Dernek ve vakıflara bağlı iktisadi işletmelerin hangi şartlar altında oluşacağına ilişkin açıklamalara ise Kurumlar Vergisi Genel Tebliğinde yer verilmiş olup  özetle; yukarıda yer verdiğim fıkralarda (KVK 2/5 ve 2/6) belirlenen koşulların dikkate alınması gerektiği açıklanarak işletmelerin belirli özelliklerinin bağlılık, devamlılık ve faaliyetin ticari, sınai veya zirai bir mahiyet arz etmesi olduğu ifade edilmiştir. Diğer bir anlatımla iktisadi işletmenin unsurları, ticari faaliyetin de temel özelliklerinden olan, bir organizasyona bağlı olarak piyasa ekonomisi içerisinde bedel karşılığı mal alım-satımı, imalatı ya da hizmet ifaları gibi faaliyetlerdir. Kanun, bu gibi halleri tek tek saymak yerine, dernek ya da vakıf tarafından piyasa ekonomisi içerisinde icra edilen tüm iktisadi faaliyetleri kapsama almıştır. Bu kapsamda bir derneğe bağlı iktisadi işletme oluşup oluşmadığına bakılırken,

  • Dernek veya vakfa ait veya bağlı olması (ait olma, sermaye bakımından; bağlı olma ise idari bakımdan bağlılığı ifade eder),
  • Sermaye şirketi veya kooperatif şeklinde kurulmamış olması,
  • Ticari, sınai veya zirai alanda devamlı olarak faaliyette bulunması gerekmektedir.

Devamlılık unsuru, bir hesap dönemi içinde aynı veya ayrı faaliyet alanlarında ticari mahiyet arz eden işlemlerin birden fazla yapılmasını ifade ederken ticari organizasyon, sermaye tahsisi, işyeri açılması, personel istihdamı, ticaret siciline kaydolmak gibi unsur ve şartlardan tümü veya bir kısmının varlığı ile oluşmaktadır.

Peki yukarıda özet olarak verilen mevzuat doğrultusunda İKSAR’ın karzı hasen faaliyetleri nedeniyle İKSAR’a bağlı iktisadi işletme oluşur mu ?

Vergi Usul Kanununun 3. Maddesi uyarınca vergilendirmede vergiyi doğuran olay ve bu olaya, ilişkin muamelelerin gerçek mahiyeti esas olup vergiyi doğuran olay ve bu olaya ilişkin muamelelerin gerçek mahiyeti yemin hariç her türlü delille ispatlanabilir. İktisadi, ticari ve teknik icaplara uymayan veya olayın özelliğine göre normal ve mutad olmayan bir durumun iddia olunması halinde de ispat külfeti bunu iddia eden tarafa aittir.

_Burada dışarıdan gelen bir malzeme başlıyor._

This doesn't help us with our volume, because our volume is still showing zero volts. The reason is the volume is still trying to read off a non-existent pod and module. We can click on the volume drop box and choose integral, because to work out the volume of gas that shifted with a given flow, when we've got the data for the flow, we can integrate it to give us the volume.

Buradan hareketle, İKSAR’ın faaliyetleri incelenerek bir değerlendirme yapılabilir. Yazının başında belirttiğim üzere, İKSAR verdiği borçlar karşılığında faiz, gecikme zammı, komisyon, hizmet bedeli vb. adlar altında fazladan bir tutar almamaktadır. Örneğin, 100 TL borç verilmişse, aynı tutar geri alınmaktadır. Ayrıca, bu borç herkese verilmemekte; sadece gelir getirici faaliyette bulunma şartını sağlayanlara tahsis edilmektedir. Borç üst limiti de 50.000 TL ile sınırlı olup, borç verilen kişilere bakıldığında toplumun en yoksul kesimlerine hitap edildiği görülmektedir.

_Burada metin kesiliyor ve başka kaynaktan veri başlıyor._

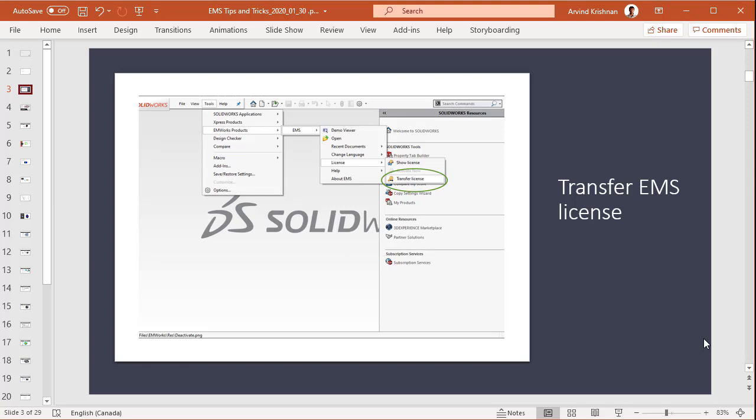It's extremely easy to transfer a license from one machine to another. First of all, EMS allows you to install the product on as many computers as you want. The only requirement is that there must be a working version of SOLIDWORKS on that computer.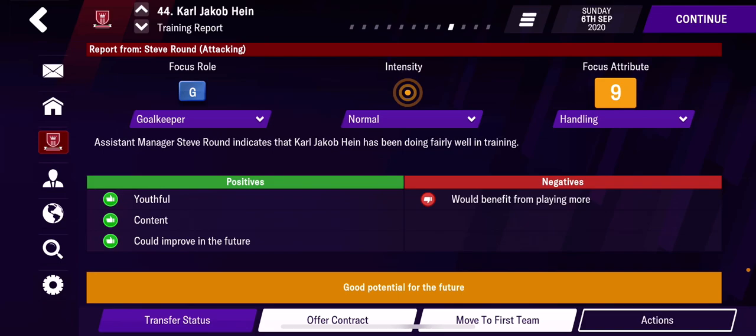I like to go: the younger the player, the more intense I make them train. You also get some information on his positives and negatives — does he have good potential, is he worth keeping.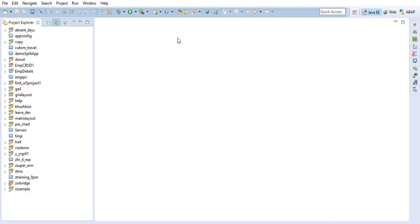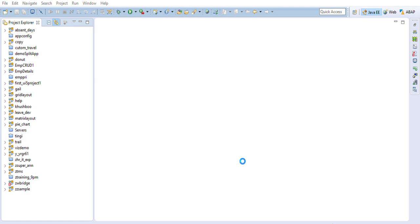So now let us begin. I'm creating a new project here — it would be an SAP UI5 application project. This is with the expectation that you must have downloaded the required tools for SAP UI5 after you installed Eclipse. I'm removing the check mark for 'Create Initial View' and naming the project 'htmlview_youtube', then clicking Finish.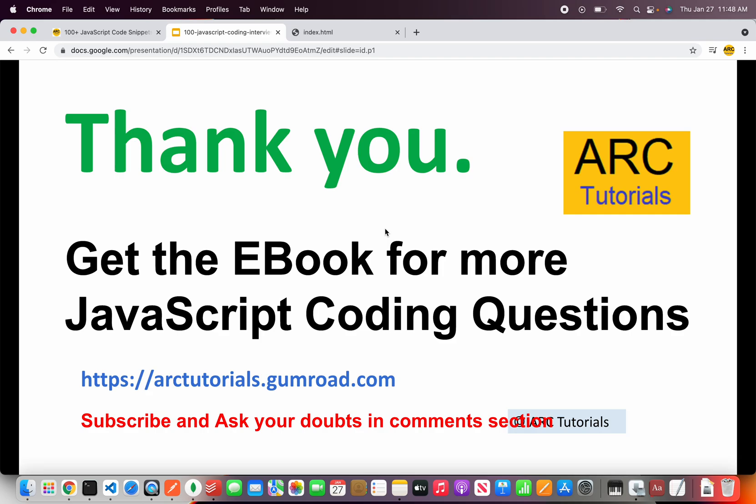If you want to get the e-book the link is in the description box below make sure you check it out. Thank you so much for joining see you in the next episode.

Bu durumda şu soruyu sormak yerinde olur. İKSAR’ın yaptığı faaliyetler, mikro kredi veya mikro finans olarak nitelendirilip, az sayıdaki mikro finans uygulamalarına ilişkin düzenlemeler üzerinden değerlendirme yapılabilir mi ?

Doktora çalışmasında İKSAR’ın faaliyetlerini detaylı olarak inceleyen Salih Ülev hocam, tezinde mikro kredi ve mikro finans kavramlarına da yer vermiş olup tezde aktarılan bilgilere göre mikro kredi; geleneksel ticari bankaların kredi vermekten kaçındığı yoksul bireylere, çok küçük tutarlarda sağlanan kredi olarak tanımlanmaktadır. Mikro finans ise dar anlamda mikro krediyle örtüşmekte, ancak geniş anlamda tasarruf, sigorta ve finansal okuryazarlık gibi diğer finansal hizmetleri de kapsamakta olup İKSAR mikro finans faaliyetinde bulunmaktadır.

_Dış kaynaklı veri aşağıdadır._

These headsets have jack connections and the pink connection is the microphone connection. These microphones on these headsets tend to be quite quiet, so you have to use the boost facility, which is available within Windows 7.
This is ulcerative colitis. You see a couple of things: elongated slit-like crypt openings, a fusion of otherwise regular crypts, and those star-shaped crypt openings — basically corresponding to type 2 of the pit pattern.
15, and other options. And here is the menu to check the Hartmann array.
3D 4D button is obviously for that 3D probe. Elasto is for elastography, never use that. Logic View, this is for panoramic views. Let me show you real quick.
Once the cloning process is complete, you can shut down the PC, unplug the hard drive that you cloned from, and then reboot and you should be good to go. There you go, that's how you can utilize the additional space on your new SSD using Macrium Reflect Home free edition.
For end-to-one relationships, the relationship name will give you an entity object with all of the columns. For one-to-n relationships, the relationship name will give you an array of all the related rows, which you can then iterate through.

Ülkemizde yürürlükteki mevzuatta mikro kredi/mikro finansın tanımı varsa da ben bulamadım. Ancak 5302 sayılı İl Özel İdaresi Kanunu’nun 6. maddesinde, il özel idarelerinin görev ve yetkileri arasında yoksullara mikro kredi verilmesi yer almaktadır. İlgili maddenin gerekçesinde de mikro kredi, “gelir getirici bir faaliyette bulunmak üzere yoksullara verilen küçük bir sermaye” olarak tanımlanmıştır.

Buraya kadar yapılan açıklamalar doğrultusunda, İKSAR’ın faaliyetleri mikro kredi verilmesi faaliyeti olarak tanımlanabilir ve bu çerçevede mikro kredi kuruluşlarına ilişkin düzenlemeler dikkate alınarak değerlendirme yapılabilir. Ancak burada önemli bir farkın altını çizmek gerekir.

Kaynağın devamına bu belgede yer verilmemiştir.